When an alert is triggered, it means that the target database recorded no replicated Data Transfer events during the evaluation window.

Possible causes include:

* The source or target base is not available over the network for Data Transfer, e.g., due to revoked accesses or a source/target base failure.
* The source base has no data to replicate.
* The data from the source database cannot be replicated to the target one, e.g., due to the target data type limitations in the target database.

Alert parameters:

* Metrics:

    ![image](../../_assets/console-icons/chart-line.svg) `<cloud_name> > <folder_name>` `service = data-transfer` `name = sinker.pusher.data.changeitems`
    ![image](../../_assets/console-icons/function.svg) `derivative()` (in the **Transformation** section)

* Alert settings:

    * Condition: `Less than or equals`.
    * Alarm: `0`.
    * Warning: `-`.

    You can additionally set the `Warning` triggering condition for the situations when the number of replicated operations is below the expected value.

    Additional settings:

    * **Aggregation function**: `Maximum`.
    * **Evaluation window**: `5 minutes`. If the source database changes less frequently than once every five minutes, increase the evaluation window to the maximum allowable interval between two DML operations with data in the source.

### Maximum data transfer delay {#row-max-lag}

Alert triggering means that the time difference between execution of the operation with rows in the source and the target has exceeded the specified threshold during the evaluation window.

Possible causes include:

* The target database is not available over the network for Data Transfer, e.g., due to revoked accesses or a target database failure.
* Not enough resources for replication.

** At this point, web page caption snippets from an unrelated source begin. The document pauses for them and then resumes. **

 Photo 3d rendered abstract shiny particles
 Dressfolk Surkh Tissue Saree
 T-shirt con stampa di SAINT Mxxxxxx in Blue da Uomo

For example, the load on the source database exceeds the capacity of the VM instance the Data Transfer replication is running on.
* The data from the source database cannot be replicated to the target one, e.g., due to the target data type limitations in the target database.

Alert parameters:

* Metrics:

    ![image](../../_assets/console-icons/chart-line.svg) `<cloud_name> > <folder_name>` `service = data-transfer` `name = sinker.pusher.time.row_max_lag_sec`

* Alert settings:

    * Condition: `Greater than or equals`.
    *  Alarm: `15`. If the target database is slow, or large blocks of data are being replicated at a time, set the maximum possible value.
    * Warning: `-`.

    Additional settings:

    * **Aggregation function**: `Minimum`.
    * **Evaluation window**: `1 minute`.

### Reading {#reading}

Alert triggering means that no bytes of data were read from the source during the evaluation window.

Possible causes include:

* The source base is not available over the network for Data Transfer, e.g., due to revoked accesses or a source base failure.
* The source base has no data to replicate.

Alert parameters:

* Metrics:

    ![image](../../_assets/console-icons/chart-line.svg) `<cloud_name> > <folder_name>` `service = data-transfer` `name = publisher.data.bytes`
    ![image](../../_assets/console-icons/function.svg) `derivative()` (in the **Transformation** section)

* Alert settings:

    * Condition: `Equals to`.
    * Alarm: `0`.
    * Warning: `-`.

    Additional settings:

    * **Aggregation function**: `Maximum`.
    * **Evaluation window**: `15 minutes`. If the source database changes less frequently than once every 15 minutes, increase the evaluation window to the maximum allowable interval between two DML operations with data in the source.

## Working with alerts {#alert-specifics}

* To determine the causes of the transfer failure, check all available alerts. Information about which alerts worked and which did not will enable you to determine the cause more accurately. For example, if the [Number of source events](#source-change-items) alert has fired, and the [Number of target events](#target-change-items) alert has not, in all probability the problem is not on the source.